It was a day like any other. Days have a sameness. Even new, they offer little beyond weather changes and sudden deaths.
“And how are you today?” Bessie asked, showing a smile that age had not yet dulled. She’d always been cute because of it. Sixty years ago, or more, she was the little girl whose cheeks you pinched, and though she was old now, she still wore her hair in curls; silver gray undulations that framed her face and brought out a blithe desire in others to pinch where her dimples dipped, even to kiss her there unabashedly.
Grey looked up and nodded. “Same,” he said.
The air was damp with April moisture as Bessie Day Hardy wrapped her scarf closer to her neck and shivered. Air that hung heavy like wet clothes caught flapping in the rain made it hard to breathe. The scarf had been a gift in a white, torn box under red Santa Claus wrapping, from the Episcopal Church of Saint John the Apostle Christmas party, just last year. The lime green and caramel-colored wool that she loved to feel against her lips an anonymous kindness from someone who had written: Bless you and have a very Merry Christmas. Someone, she imagined with fresh white skin, pearl teeth, and eyes that sparkled blue in daylight, light as the sea, but darkened with the night, turning cinereal behind the shadows of dusk.
“We ever going to see the sun again?” She sighed. Wind kicked around the corner, and her body felt the chill, enemy winds that carried the threat of sodden attacks to bones too brittle to fight. Later, she would feel the ache and she would rub her muscles more for the distraction than the release of pain.
“If we live long enough,” Grey said.
Bessie chuckled. Living long wasn’t the blessing it used to be. Aging was in the way. Couldn’t leave a person alone, had to show up and make her breath short, expose every damn vein in her body, and give her the unsightly imprint of impending death. Nobody wanted to look at mortality too closely and aging people carry its threat, vulnerably apparent, the weight of its nearness was a monster in the wings where heaven was a nebulous and cracked mirror; don’t look into it, the young whispered; don’t look yet.

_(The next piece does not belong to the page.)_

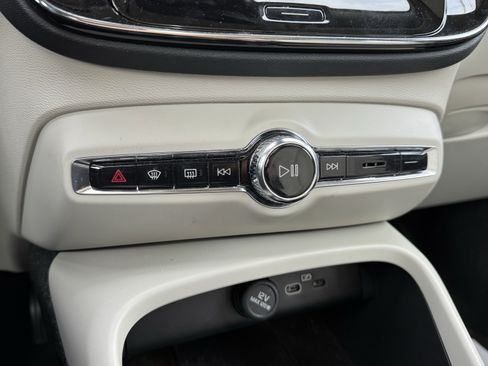 Used 2023 Volvo XC40 B5 Plus image 10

But the old were once young. Bessie Day Hardy still carried the traces of adolescent giddiness in the creases of her lips and her middle-aged ardor for Chauncey Hardy still glinted in her eyes at the memory of his smooth hands in hers, and his fine, soft hair against her breast. His step was lively. She could hear it, sometimes, when the house was quiet. Chauncey’s step on the stairs, in the kitchen, on the bedroom floor.
Damn house was quiet now, even her cat walked too softly to hear.